= YOUR OBJECTIVE =
With images removed, transcribe each record exactly as it appears.

= PROVIDED DATA =
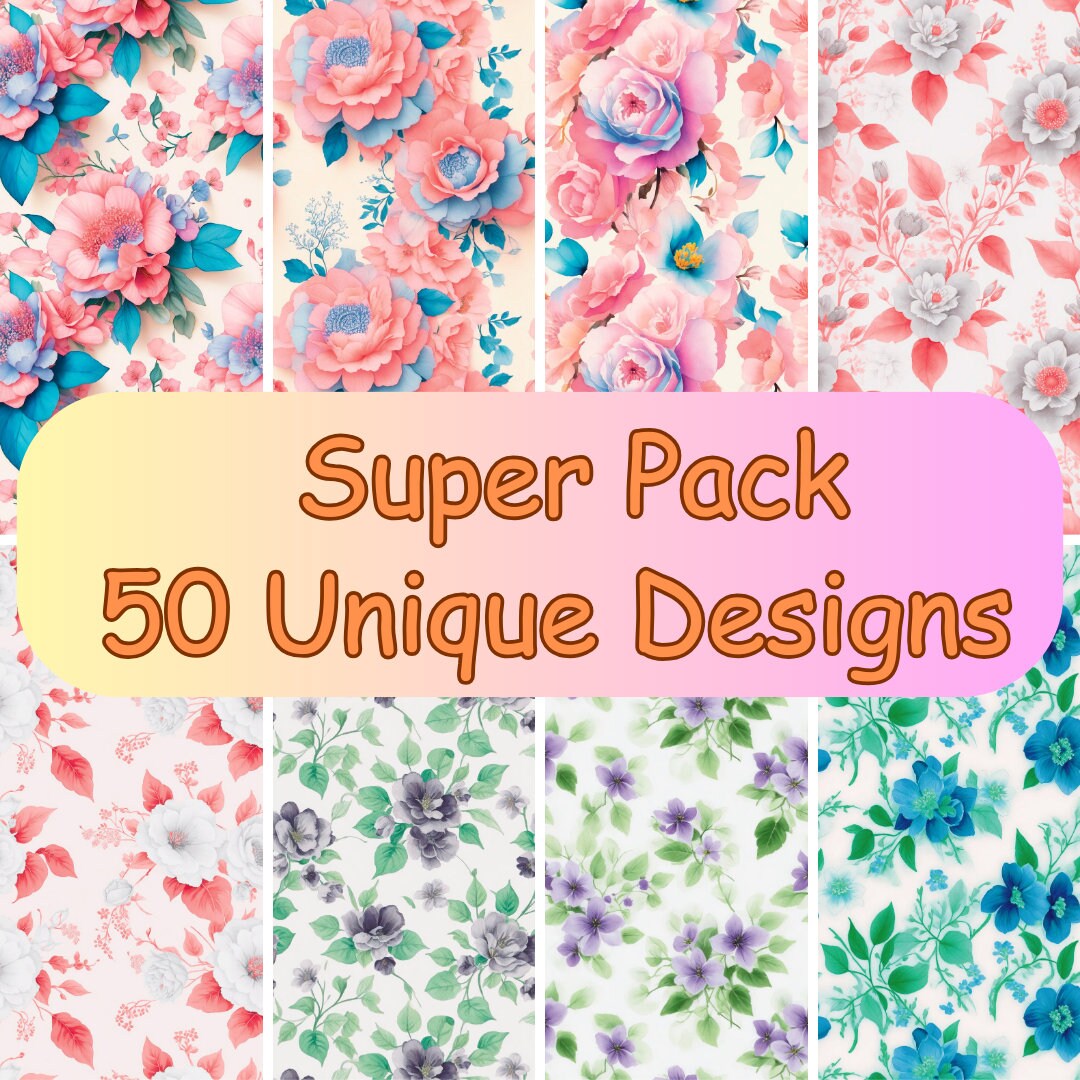 50 Sheets Floral Seamless Pattern Sheets Beautiful Design Pack 12kx12k ...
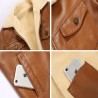 Leather winter jacket with fleece & zipper - slimJackets
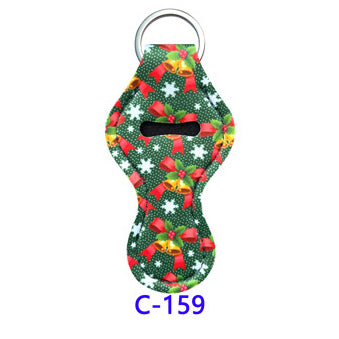 Christmas Neoprene Wristband Sanitizer Chapstick Holder Keychains Wholesale C159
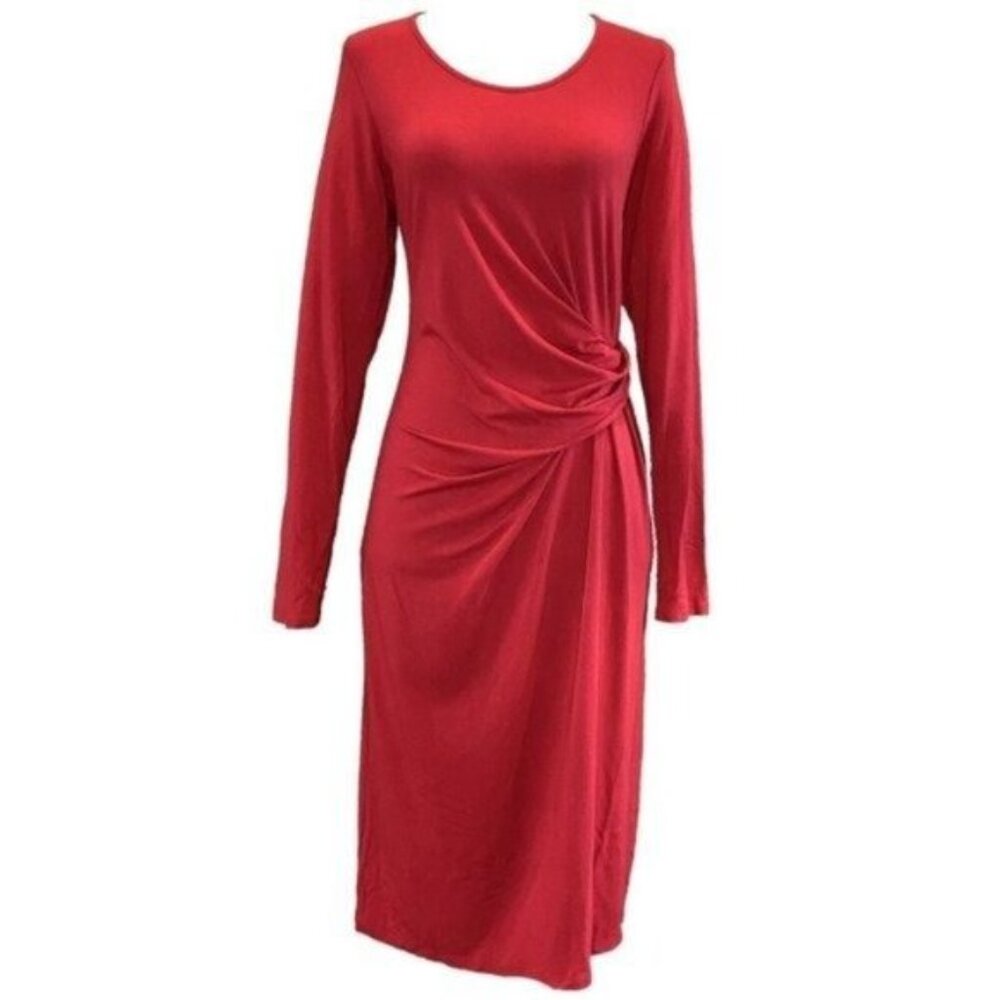 J. Jill Long Sleeve Crew Neck Side Waist Knot Carmine Red Knit Dress Size S - Picture 3 of 7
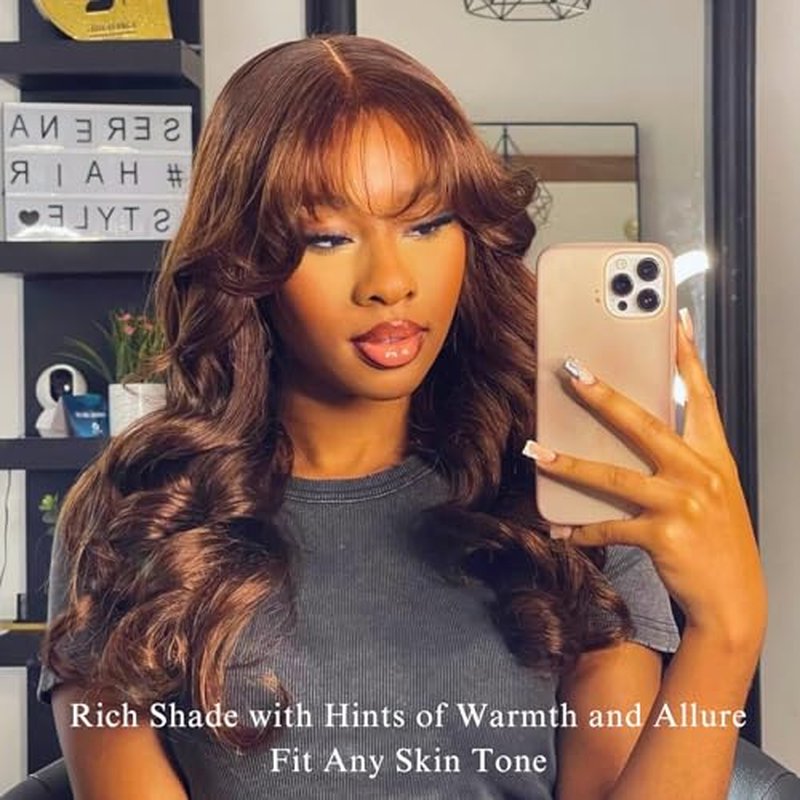 ALHER Chocolate Brown Body Wave 3 Bundles Human Hair, 12A Color #4 Dark Brown Colored Sew In Weave Wavy Bundles, 100% Unprocessed Virgin Remy Hair Soft Thick 12 14 16 Inch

= THE COMPLETED TASK =
 50 Sheets Floral Seamless Pattern Sheets Beautiful Design Pack 12kx12k ...
 Leather winter jacket with fleece & zipper - slimJackets
 Christmas Neoprene Wristband Sanitizer Chapstick Holder Keychains Wholesale C159
 J. Jill Long Sleeve Crew Neck Side Waist Knot Carmine Red Knit Dress Size S - Picture 3 of 7
 ALHER Chocolate Brown Body Wave 3 Bundles Human Hair, 12A Color #4 Dark Brown Colored Sew In Weave Wavy Bundles, 100% Unprocessed Virgin Remy Hair Soft Thick 12 14 16 Inch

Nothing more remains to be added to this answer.